(Crawled caption data)
____

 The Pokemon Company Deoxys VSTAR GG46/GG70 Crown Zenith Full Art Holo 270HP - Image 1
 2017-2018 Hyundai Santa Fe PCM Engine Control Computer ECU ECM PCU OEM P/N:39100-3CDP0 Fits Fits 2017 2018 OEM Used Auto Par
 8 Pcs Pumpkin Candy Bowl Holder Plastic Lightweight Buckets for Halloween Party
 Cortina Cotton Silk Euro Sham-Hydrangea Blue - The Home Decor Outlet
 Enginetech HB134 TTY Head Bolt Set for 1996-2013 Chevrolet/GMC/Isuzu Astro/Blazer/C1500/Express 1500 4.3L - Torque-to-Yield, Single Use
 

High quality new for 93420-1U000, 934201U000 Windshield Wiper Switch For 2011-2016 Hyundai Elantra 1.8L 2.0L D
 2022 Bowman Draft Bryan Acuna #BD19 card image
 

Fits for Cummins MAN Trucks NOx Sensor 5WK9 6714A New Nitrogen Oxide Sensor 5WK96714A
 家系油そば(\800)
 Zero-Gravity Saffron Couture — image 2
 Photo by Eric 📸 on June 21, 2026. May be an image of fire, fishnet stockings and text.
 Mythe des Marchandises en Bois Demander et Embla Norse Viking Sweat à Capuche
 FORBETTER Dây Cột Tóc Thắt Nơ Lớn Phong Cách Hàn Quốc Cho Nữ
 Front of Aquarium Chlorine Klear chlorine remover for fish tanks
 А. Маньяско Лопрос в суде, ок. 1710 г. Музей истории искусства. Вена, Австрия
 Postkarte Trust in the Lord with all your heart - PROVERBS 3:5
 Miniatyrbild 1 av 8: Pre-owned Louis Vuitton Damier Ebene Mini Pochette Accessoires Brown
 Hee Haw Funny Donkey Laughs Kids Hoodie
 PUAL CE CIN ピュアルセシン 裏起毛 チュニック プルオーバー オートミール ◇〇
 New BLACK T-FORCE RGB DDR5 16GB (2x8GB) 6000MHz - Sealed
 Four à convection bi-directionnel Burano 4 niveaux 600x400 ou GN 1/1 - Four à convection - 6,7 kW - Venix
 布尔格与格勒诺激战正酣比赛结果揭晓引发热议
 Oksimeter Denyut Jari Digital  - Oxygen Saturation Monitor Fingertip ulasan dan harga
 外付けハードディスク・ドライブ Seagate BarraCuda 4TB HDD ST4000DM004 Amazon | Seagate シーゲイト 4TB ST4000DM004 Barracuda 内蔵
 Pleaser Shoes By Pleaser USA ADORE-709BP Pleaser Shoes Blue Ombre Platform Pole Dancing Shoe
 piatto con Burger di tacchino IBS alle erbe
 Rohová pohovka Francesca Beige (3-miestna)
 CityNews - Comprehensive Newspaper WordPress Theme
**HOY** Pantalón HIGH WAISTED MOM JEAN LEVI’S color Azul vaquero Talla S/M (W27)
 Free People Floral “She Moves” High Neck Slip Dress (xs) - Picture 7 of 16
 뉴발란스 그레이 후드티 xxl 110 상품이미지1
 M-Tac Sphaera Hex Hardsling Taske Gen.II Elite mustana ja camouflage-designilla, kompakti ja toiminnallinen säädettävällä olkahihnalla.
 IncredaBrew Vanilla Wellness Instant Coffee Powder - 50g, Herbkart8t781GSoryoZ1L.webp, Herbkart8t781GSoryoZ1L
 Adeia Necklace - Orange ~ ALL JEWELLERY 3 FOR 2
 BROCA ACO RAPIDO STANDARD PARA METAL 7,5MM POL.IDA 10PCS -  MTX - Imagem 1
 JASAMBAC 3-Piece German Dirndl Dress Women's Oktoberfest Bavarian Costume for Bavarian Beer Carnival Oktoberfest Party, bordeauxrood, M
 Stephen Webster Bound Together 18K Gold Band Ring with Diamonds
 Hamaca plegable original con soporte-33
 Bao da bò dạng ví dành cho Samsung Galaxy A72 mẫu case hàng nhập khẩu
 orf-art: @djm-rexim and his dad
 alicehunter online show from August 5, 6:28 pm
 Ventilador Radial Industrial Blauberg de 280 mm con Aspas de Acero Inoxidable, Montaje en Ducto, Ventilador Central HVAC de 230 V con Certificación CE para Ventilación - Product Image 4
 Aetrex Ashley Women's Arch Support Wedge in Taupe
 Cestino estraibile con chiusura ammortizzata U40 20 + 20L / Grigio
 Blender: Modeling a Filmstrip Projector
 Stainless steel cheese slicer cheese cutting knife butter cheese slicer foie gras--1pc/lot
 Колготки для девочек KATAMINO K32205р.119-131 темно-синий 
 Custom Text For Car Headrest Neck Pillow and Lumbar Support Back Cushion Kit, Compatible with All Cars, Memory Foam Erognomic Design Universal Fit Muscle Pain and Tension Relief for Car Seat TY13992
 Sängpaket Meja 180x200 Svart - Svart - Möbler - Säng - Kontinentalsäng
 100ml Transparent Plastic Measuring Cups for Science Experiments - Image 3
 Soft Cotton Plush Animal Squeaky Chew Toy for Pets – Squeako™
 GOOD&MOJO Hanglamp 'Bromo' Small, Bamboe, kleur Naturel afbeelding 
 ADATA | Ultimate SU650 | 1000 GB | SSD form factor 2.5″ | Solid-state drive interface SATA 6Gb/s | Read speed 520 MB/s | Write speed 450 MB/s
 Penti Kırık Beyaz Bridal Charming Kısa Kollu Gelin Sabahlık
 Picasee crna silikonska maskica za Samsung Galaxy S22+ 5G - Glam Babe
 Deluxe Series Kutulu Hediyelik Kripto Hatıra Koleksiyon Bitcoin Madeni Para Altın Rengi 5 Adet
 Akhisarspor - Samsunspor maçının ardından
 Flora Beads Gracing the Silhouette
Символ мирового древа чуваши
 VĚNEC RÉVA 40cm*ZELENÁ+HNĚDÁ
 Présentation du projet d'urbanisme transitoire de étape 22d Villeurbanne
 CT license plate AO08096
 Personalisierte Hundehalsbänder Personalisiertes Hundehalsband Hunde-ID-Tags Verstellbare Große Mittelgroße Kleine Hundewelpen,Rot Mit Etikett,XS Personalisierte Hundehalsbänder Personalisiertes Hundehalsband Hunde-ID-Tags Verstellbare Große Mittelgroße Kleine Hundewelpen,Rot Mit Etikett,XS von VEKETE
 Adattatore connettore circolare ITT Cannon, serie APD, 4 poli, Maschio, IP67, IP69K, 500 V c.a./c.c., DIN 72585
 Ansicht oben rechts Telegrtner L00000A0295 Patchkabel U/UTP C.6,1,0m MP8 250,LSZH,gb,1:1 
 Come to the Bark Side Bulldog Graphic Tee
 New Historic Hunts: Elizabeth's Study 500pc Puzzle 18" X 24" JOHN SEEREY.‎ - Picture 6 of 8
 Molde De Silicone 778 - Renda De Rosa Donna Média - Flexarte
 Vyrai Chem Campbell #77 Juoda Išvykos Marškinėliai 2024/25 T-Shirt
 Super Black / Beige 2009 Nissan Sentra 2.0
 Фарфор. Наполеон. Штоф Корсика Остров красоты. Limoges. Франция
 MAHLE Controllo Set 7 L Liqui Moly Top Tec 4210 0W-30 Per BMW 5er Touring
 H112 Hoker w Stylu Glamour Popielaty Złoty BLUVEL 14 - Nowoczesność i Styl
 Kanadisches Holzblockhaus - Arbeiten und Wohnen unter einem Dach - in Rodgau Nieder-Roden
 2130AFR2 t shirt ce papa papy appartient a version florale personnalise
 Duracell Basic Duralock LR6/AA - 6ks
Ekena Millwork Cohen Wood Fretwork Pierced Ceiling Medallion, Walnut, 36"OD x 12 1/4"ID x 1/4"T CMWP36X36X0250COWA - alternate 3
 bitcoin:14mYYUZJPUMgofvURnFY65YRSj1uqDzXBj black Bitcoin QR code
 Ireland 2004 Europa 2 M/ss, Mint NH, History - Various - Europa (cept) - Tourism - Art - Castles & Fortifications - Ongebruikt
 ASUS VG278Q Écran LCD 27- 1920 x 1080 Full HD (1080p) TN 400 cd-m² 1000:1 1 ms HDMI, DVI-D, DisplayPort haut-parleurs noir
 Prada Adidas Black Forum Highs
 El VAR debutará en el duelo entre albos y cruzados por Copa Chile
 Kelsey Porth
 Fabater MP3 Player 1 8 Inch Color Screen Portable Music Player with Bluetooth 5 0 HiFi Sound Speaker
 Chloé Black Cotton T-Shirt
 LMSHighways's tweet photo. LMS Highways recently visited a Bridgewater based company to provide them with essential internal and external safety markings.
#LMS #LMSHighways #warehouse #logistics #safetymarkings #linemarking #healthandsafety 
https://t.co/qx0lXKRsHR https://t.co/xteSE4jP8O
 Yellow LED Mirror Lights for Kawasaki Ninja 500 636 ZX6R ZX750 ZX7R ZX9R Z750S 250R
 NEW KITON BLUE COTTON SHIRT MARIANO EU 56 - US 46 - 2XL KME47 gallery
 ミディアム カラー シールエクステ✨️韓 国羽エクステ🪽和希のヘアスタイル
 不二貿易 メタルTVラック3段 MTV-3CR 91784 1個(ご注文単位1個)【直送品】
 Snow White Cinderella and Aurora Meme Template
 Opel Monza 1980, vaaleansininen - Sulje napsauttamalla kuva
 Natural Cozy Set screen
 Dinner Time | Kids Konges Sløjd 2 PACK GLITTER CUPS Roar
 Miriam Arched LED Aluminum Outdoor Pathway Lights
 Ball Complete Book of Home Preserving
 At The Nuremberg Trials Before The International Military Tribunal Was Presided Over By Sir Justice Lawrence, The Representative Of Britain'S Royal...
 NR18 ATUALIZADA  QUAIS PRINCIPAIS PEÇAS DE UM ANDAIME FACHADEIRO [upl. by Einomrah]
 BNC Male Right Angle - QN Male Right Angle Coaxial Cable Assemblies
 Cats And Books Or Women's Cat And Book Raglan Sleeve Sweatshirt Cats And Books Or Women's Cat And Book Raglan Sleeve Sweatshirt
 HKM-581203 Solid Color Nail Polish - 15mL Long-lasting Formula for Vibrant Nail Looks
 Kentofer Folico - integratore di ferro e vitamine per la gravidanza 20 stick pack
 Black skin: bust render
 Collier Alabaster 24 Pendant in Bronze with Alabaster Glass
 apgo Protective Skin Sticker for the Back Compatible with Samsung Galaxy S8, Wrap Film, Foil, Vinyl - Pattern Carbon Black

____

→ Task details
Reproduce verbatim the lines above, from the line with "А. Маньяско Лопрос" through the line with "CityNews - Comprehensive".

→ Reply to the exercise
 А. Маньяско Лопрос в суде, ок. 1710 г. Музей истории искусства. Вена, Австрия
 Postkarte Trust in the Lord with all your heart - PROVERBS 3:5
 Miniatyrbild 1 av 8: Pre-owned Louis Vuitton Damier Ebene Mini Pochette Accessoires Brown
 Hee Haw Funny Donkey Laughs Kids Hoodie
 PUAL CE CIN ピュアルセシン 裏起毛 チュニック プルオーバー オートミール ◇〇
 New BLACK T-FORCE RGB DDR5 16GB (2x8GB) 6000MHz - Sealed
 Four à convection bi-directionnel Burano 4 niveaux 600x400 ou GN 1/1 - Four à convection - 6,7 kW - Venix
 布尔格与格勒诺激战正酣比赛结果揭晓引发热议
 Oksimeter Denyut Jari Digital  - Oxygen Saturation Monitor Fingertip ulasan dan harga
 外付けハードディスク・ドライブ Seagate BarraCuda 4TB HDD ST4000DM004 Amazon | Seagate シーゲイト 4TB ST4000DM004 Barracuda 内蔵
 Pleaser Shoes By Pleaser USA ADORE-709BP Pleaser Shoes Blue Ombre Platform Pole Dancing Shoe
 piatto con Burger di tacchino IBS alle erbe
 Rohová pohovka Francesca Beige (3-miestna)
 CityNews - Comprehensive Newspaper WordPress Theme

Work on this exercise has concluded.